A team from The Rockefeller University in New York have transplanted human stem cells onto newly formed chicken embryos in the lab, forming dual-species clusters called chimaeras that were observed for the next 24 to 48 hours of growth.
The experimental method, described in Nature, has already provided key insight into early developmental processes that had been previously impossible to study. And after demonstrating a high degree of consistency and reproducibility, the authors suggest that their technique holds promise to facilitate even more pioneering research.
Published online yesterday, their paper has, of course, already been vilified in the press. But what did they really do, and why?
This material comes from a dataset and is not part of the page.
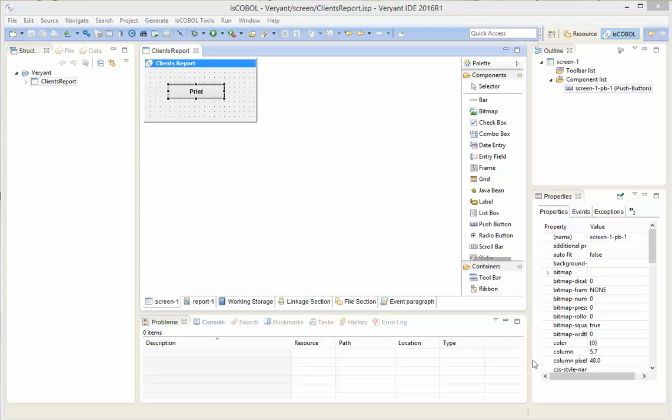Hello, today we are going to see how to paint a graphical report using the eSCOBOL IDE and its function to paint graphical reports.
Soon after fertilization, vertebrate embryos transition from a simple hollow clump of cells to a three-layered clump of cells that has a defined head-to-tail, back-to-front, and left-to-right axis. To the untrained eye, the embryo still looks like a vague aggregation of cells following this step, far removed from the organism it is going to become; yet in reality, the development plan for the entire body’s layout and all its diverse tissue types has been set in motion.
Decades of animal investigations have revealed that the driving force for this step is specialized “organizer cells” that function similarly across species.
But thanks to a strict ethical ban on culturing human embryos past post-fertilization day 14, developmental biologists have been unable to watch how organizer cells arise in humans – thought to occur soon after this point – and mediate the crucial three-layer phase that, in a natural pregnancy, would unfold immediately after implantation. Such knowledge is also important for reproductive science, as it is during this period of cell layer migration and rearrangement that most miscarriages occur.
“No one knew what happens after the ball of cells attaches itself to the uterus,” lead author Ali Brivanlou told Nature.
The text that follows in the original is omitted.